WORK ITEM — Copy out the data exactly as it appears, without a single image.

SOURCE DATA —
-- Opening Marker --

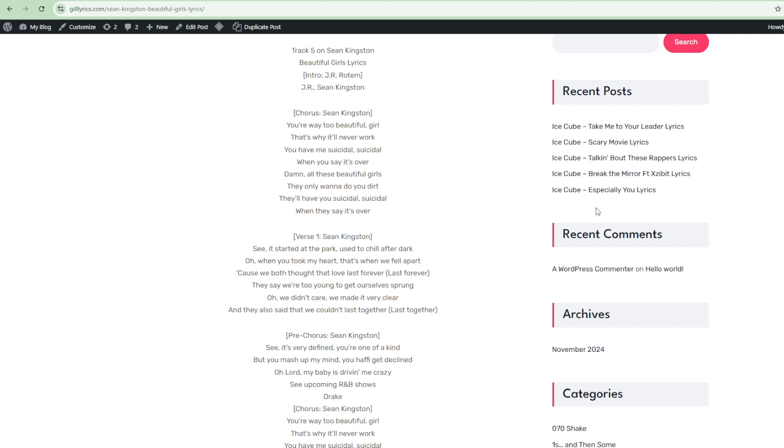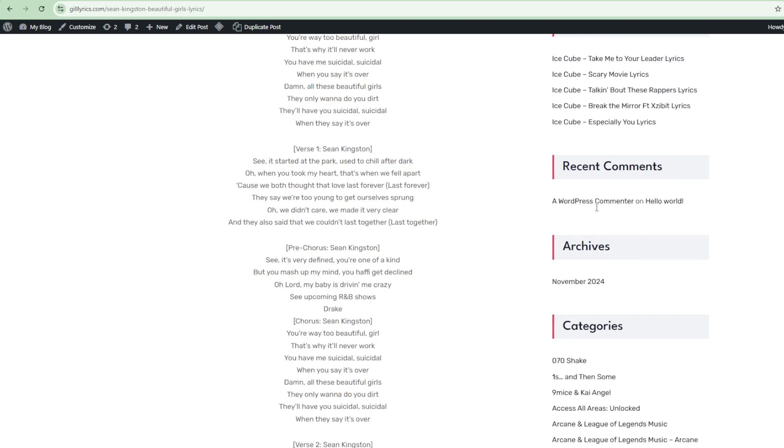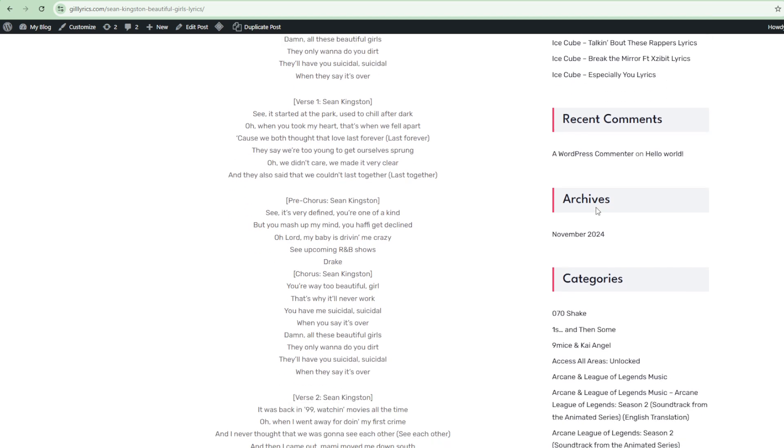In a joint venture between Epic Records and Koch Records, Kingston recorded and released Beautiful Girls on 26 May 2007. Commercially, the song was a smash hit internationally, topping the charts worldwide.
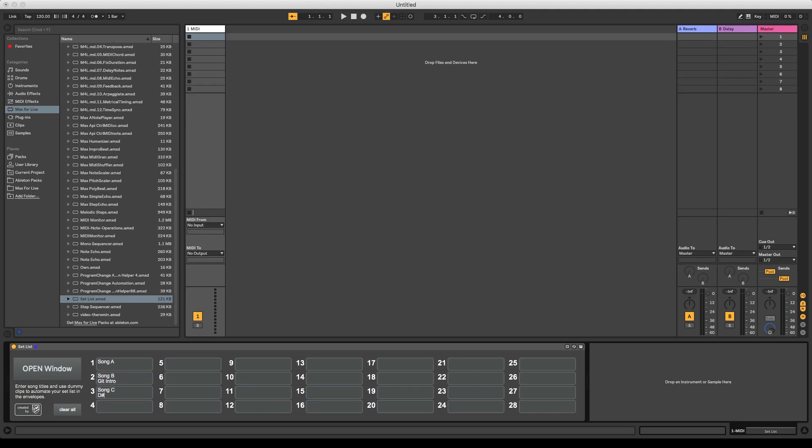Now we need to let Ableton know which text field we want to have on the display at what point. For this, we're going to use dummy clips. Dummy clips simply are MIDI clips that don't contain any MIDI notes, but carry some other information. In this case, the clips will select the text field for our display window.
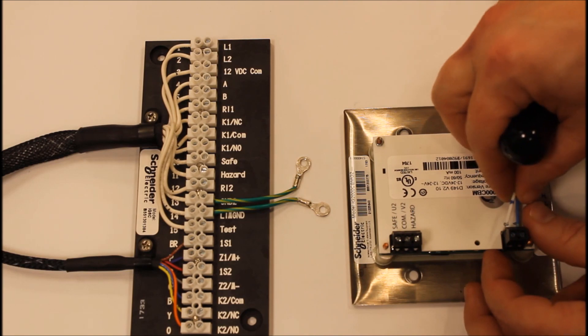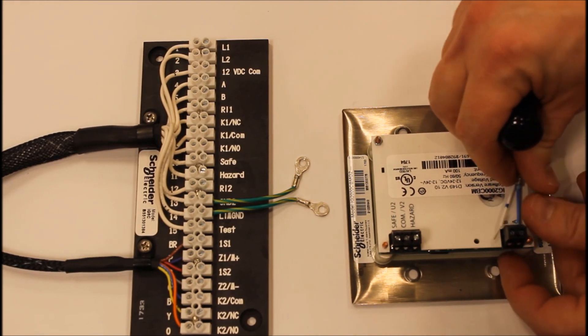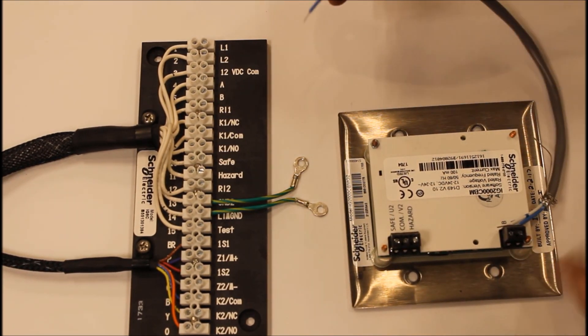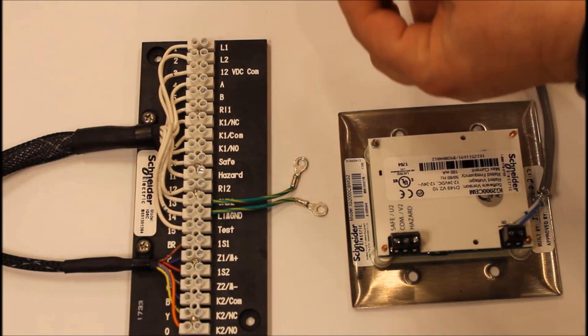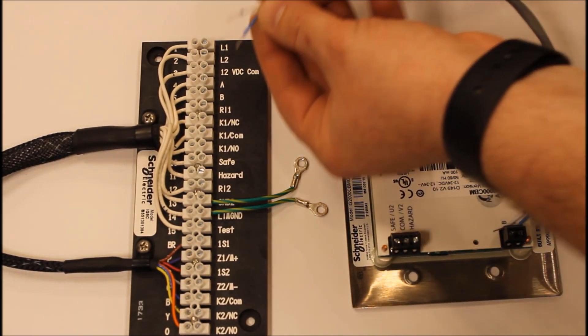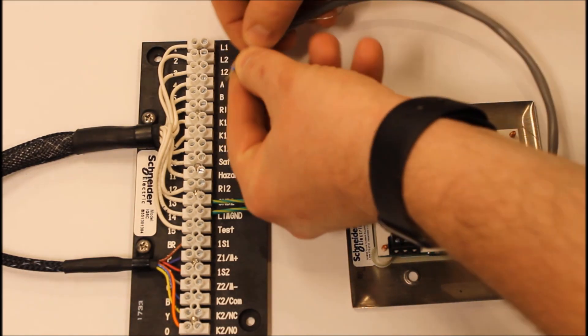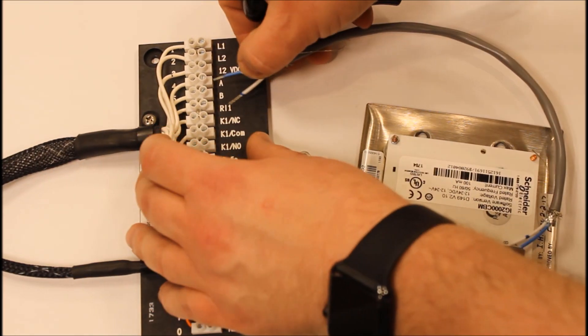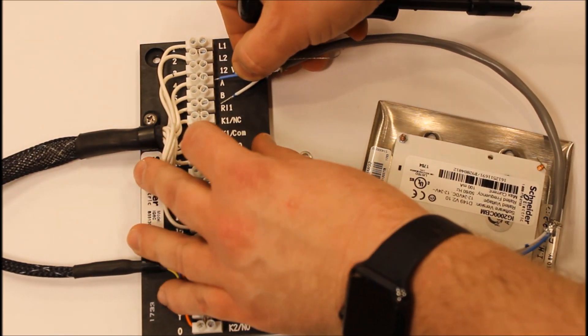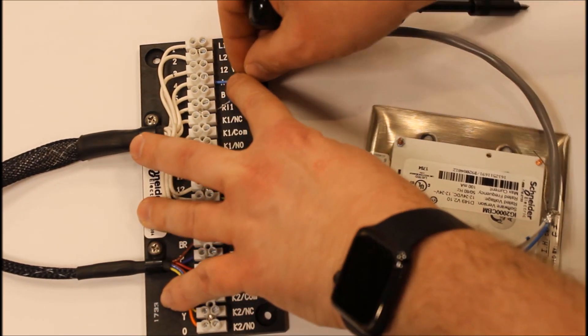We're going to start by using the terminals on the back of the indicator and connecting those A and B terminals to the A and B terminals on the connector plate itself.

-- Closing Marker --

ANSWER FOR THE TASK —
In a joint venture between Epic Records and Koch Records, Kingston recorded and released Beautiful Girls on 26 May 2007. Commercially, the song was a smash hit internationally, topping the charts worldwide.
Now we need to let Ableton know which text field we want to have on the display at what point. For this, we're going to use dummy clips. Dummy clips simply are MIDI clips that don't contain any MIDI notes, but carry some other information. In this case, the clips will select the text field for our display window.
We're going to start by using the terminals on the back of the indicator and connecting those A and B terminals to the A and B terminals on the connector plate itself.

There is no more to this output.